%%

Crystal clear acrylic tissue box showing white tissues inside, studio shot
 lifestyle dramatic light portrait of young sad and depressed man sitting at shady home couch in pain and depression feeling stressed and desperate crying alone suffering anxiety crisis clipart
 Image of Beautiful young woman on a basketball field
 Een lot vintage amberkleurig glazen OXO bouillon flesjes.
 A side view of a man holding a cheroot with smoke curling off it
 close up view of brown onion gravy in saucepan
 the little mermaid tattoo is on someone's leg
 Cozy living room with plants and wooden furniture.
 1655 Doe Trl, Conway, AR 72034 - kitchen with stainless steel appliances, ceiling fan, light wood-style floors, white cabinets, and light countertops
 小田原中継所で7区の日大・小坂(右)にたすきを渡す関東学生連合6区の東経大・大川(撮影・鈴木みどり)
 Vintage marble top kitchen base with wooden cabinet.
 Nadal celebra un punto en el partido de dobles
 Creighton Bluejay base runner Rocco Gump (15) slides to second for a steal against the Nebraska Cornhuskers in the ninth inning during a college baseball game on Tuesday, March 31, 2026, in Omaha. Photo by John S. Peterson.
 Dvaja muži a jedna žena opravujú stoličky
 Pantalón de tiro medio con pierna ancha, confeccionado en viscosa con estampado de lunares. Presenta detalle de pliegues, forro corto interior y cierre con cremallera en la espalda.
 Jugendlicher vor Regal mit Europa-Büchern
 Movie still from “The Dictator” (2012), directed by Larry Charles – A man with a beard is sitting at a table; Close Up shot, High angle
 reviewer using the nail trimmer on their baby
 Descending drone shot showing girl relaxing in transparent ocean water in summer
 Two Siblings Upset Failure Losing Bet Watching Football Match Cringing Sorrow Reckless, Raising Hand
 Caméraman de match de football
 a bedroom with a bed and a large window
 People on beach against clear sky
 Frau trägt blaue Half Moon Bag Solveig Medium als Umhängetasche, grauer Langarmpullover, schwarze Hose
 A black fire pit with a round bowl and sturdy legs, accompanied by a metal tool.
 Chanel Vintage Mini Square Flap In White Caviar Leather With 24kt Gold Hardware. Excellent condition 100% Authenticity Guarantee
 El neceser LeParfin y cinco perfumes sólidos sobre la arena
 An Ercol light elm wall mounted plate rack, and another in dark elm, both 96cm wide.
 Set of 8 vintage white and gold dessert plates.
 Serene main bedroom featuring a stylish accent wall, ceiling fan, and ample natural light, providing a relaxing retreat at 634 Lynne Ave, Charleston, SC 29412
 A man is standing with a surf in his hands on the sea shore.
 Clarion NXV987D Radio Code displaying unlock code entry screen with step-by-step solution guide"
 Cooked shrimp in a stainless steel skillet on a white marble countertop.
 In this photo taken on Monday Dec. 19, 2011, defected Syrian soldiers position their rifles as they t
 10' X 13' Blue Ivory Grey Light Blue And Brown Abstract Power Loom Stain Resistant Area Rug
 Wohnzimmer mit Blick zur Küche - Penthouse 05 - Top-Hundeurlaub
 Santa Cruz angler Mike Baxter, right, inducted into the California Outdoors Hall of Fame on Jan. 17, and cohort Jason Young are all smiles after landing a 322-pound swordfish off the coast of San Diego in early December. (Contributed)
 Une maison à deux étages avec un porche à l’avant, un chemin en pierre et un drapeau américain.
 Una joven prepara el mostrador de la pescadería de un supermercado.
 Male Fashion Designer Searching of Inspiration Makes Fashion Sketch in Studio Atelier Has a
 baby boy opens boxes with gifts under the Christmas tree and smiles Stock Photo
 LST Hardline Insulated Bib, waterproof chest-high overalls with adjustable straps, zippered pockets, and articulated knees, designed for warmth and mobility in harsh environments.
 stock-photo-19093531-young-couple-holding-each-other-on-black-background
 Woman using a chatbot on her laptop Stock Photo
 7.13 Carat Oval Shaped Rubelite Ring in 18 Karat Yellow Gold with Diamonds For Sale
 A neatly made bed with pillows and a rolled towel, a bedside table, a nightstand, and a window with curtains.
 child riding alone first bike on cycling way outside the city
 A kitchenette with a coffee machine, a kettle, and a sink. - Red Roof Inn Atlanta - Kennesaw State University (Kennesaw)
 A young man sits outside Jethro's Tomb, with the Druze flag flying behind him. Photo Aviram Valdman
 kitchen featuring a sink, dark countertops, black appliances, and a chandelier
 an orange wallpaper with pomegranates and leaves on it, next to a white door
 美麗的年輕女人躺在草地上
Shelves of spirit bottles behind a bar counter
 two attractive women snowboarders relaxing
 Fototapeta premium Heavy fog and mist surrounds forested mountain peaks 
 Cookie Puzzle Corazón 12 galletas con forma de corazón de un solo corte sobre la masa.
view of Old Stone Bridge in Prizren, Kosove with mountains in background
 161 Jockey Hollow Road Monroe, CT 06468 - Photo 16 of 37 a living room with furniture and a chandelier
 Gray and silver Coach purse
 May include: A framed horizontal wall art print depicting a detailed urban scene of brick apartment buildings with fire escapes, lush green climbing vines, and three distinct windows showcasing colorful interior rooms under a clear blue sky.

%%

Please transcribe only the lines in the records above running from the line that has "the little mermaid" through the line that has "Two Siblings Upset", both included, exactly as they appear.

> _Exercise solution_
 the little mermaid tattoo is on someone's leg
 Cozy living room with plants and wooden furniture.
 1655 Doe Trl, Conway, AR 72034 - kitchen with stainless steel appliances, ceiling fan, light wood-style floors, white cabinets, and light countertops
 小田原中継所で7区の日大・小坂(右)にたすきを渡す関東学生連合6区の東経大・大川(撮影・鈴木みどり)
 Vintage marble top kitchen base with wooden cabinet.
 Nadal celebra un punto en el partido de dobles
 Creighton Bluejay base runner Rocco Gump (15) slides to second for a steal against the Nebraska Cornhuskers in the ninth inning during a college baseball game on Tuesday, March 31, 2026, in Omaha. Photo by John S. Peterson.
 Dvaja muži a jedna žena opravujú stoličky
 Pantalón de tiro medio con pierna ancha, confeccionado en viscosa con estampado de lunares. Presenta detalle de pliegues, forro corto interior y cierre con cremallera en la espalda.
 Jugendlicher vor Regal mit Europa-Büchern
 Movie still from “The Dictator” (2012), directed by Larry Charles – A man with a beard is sitting at a table; Close Up shot, High angle
 reviewer using the nail trimmer on their baby
 Descending drone shot showing girl relaxing in transparent ocean water in summer
 Two Siblings Upset Failure Losing Bet Watching Football Match Cringing Sorrow Reckless, Raising Hand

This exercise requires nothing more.